Re: pgsql: dshash: Add sequential scan support.

From: Zhihong Yu <zyu(at)yugabyte(dot)com>
To: Thomas Munro <thomas(dot)munro(at)gmail(dot)com>
Cc: Andres Freund <andres(at)anarazel(dot)de>, Tom Lane <tgl(at)sss(dot)pgh(dot)pa(dot)us>, Kyotaro HORIGUCHI <horiguchi(dot)kyotaro(at)lab(dot)ntt(dot)co(dot)jp>, pgsql-hackers <pgsql-hackers(at)postgresql(dot)org>
Subject: Re: pgsql: dshash: Add sequential scan support.
Date: 2022-07-04 10:46:11
Message-ID: CALNJ-vTe+RDn_Y7yDrSUDeqsXwtQt18qu=vqbfbujKxLROjEgg@mail.gmail.com
Views: Raw Message | Whole Thread | Download mbox | Resend email
Thread:
Lists: pgsql-committers pgsql-hackers

On Sun, Jul 3, 2022 at 7:56 PM Thomas Munro <thomas(dot)munro(at)gmail(dot)com> wrote:

> [Re-directing to -hackers]
>
> On Fri, Mar 11, 2022 at 2:27 PM Andres Freund <andres(at)anarazel(dot)de> wrote:
> > On 2022-03-10 20:09:56 -0500, Tom Lane wrote:
> > > Andres Freund <andres(at)anarazel(dot)de> writes:
> > > > dshash: Add sequential scan support.
> > > > Add ability to scan all entries sequentially to dshash. The
> interface is
> > > > similar but a bit different both from that of dynahash and simple
> dshash
> > > > search functions.

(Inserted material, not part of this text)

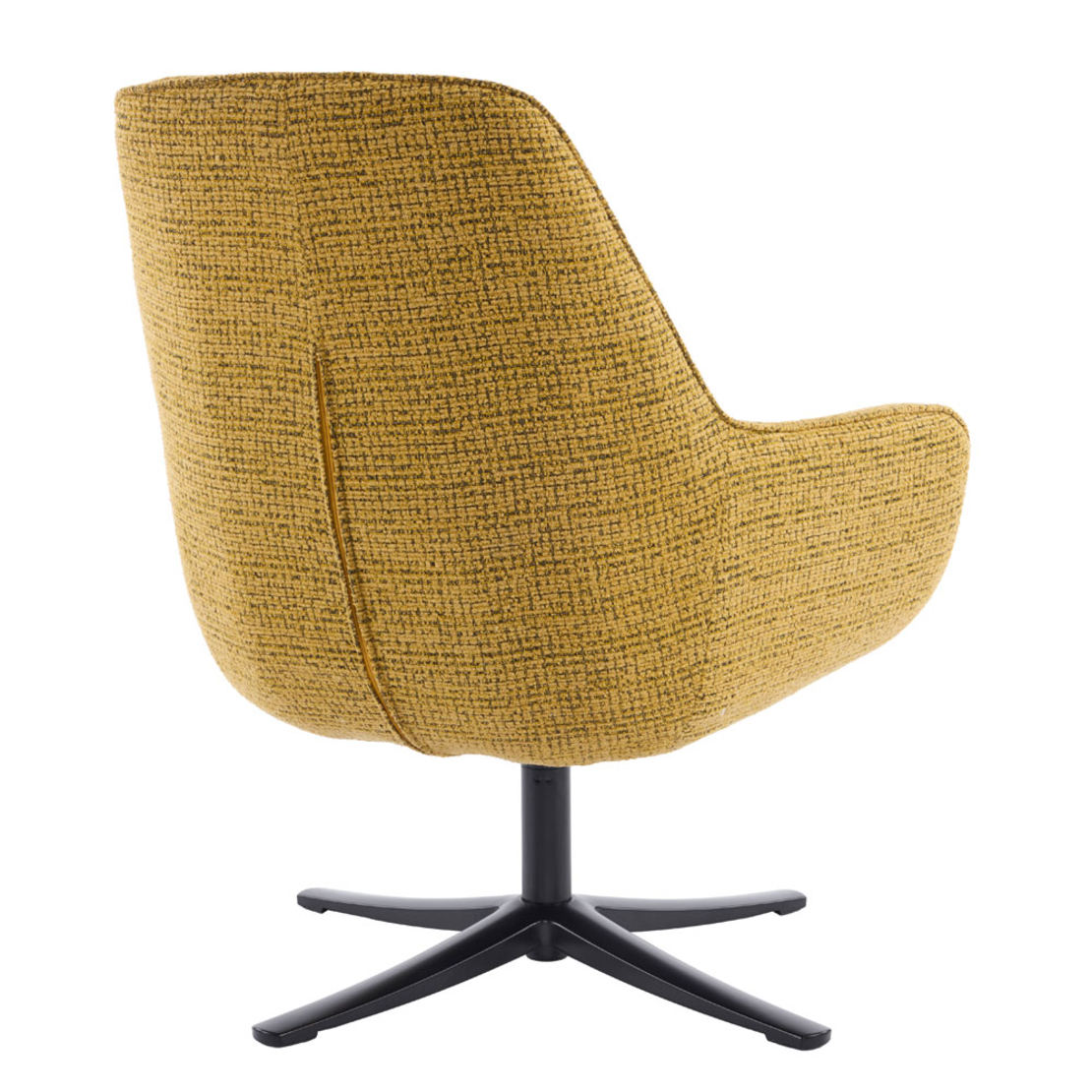 TIFFANY ARMCHAIR SWIVEL FABRIC YELLOW WITH PATTERN METAL BLACK PRC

The most significant differences is that dshash's
> interfac
> > > > always needs a call to dshash_seq_term when scan ends.
> > >
> > > Umm ... what about error recovery? Or have you just cemented the
> > > proposition that long-lived dshashes are unsafe?
> >
> > I don't think this commit made it worse. dshash_seq_term() releases an
> lwlock
> > (which will be released in case of an error) and unsets
> > hash_table->find_[exclusively_]locked. The latter weren't introduced by
> this
> > patch, and are also set by dshash_find().
> >
> > I agree that ->find_[exclusively_]locked are problematic from an error
> > recovery perspective.
>
> Right, as seen in the build farm at [1]. Also reproducible with something
> like:
>
> @@ -269,6 +269,14 @@ dsm_impl_posix(dsm_op op, dsm_handle handle, Size
> request_size,
> return false;
> }
>
> + /* XXX random fault injection */
> + if (op == DSM_OP_ATTACH && random() < RAND_MAX / 8)
> + {
> + close(fd);
> + elog(ERROR, "chaos");
> + return false;
> + }
> +
>
> I must have thought that it was easy and practical to write no-throw
> straight-line code and be sure to reach dshash_release_lock(), but I
> concede that it was a bad idea: even dsa_get_address() can throw*, and
> you're often likely to need to call that while accessing dshash
> elements. For example, in lookup_rowtype_tupdesc_internal(), there is
> a sequence dshash_find(), ..., dsa_get_address(), ...,
> dshash_release_lock(), and I must have considered the range of code
> between find and release to be no-throw, but now I know that it is
> not.
>
> > It's per-backend state at least and just used for assertions. We could
> remove
> > it. Or stop checking it in places where it could be set wrongly:
> dshash_find()
> > and dshash_detach() couldn't check anymore, but the rest of the
> assertions
> > would still be valid afaics?
>
> Yeah, it's all for assertions... let's just remove it. Those
> assertions were useful to me at some stage in development but won't
> hold as well as I thought, at least without widespread PG_FINALLY(),
> which wouldn't be nice.
>
> *dsa_get_address() might need to adjust the memory map with system
> calls, which might fail. If you think of DSA as not only an allocator
> but also a poor man's user level virtual memory scheme to tide us over
> until we get threads, then this is a pretty low level kind of
> should-not-happen failure that is analogous on some level to SIGBUS or
> SIGSEGV or something like that, and we should PANIC. Then we could
> claim that dsa_get_address() is no-throw. At least, that was one
> argument I had with myself while investigating that strange Solaris
> shm_open() failure, but ... I lost the argument. It's quite an
> extreme position to take just to support these assertions, which are
> of pretty limited value.
>
> [1]
> https://www.postgresql.org/message-id/20220701232009.jcwxpl45bptaxv5n%40alap3.anarazel.de

Hi,
In the description,

`new shared memory stats system in 15`

It would be clearer to add `release` before `15`.

Cheers

In response to

Browse pgsql-committers by date

  From Date Subject
Next Message Alvaro Herrera 2022-07-04 13:14:05 pgsql: Implement List support for TransactionId
Previous Message Kyotaro Horiguchi 2022-07-04 08:31:46 Re: pgsql: dshash: Add sequential scan support.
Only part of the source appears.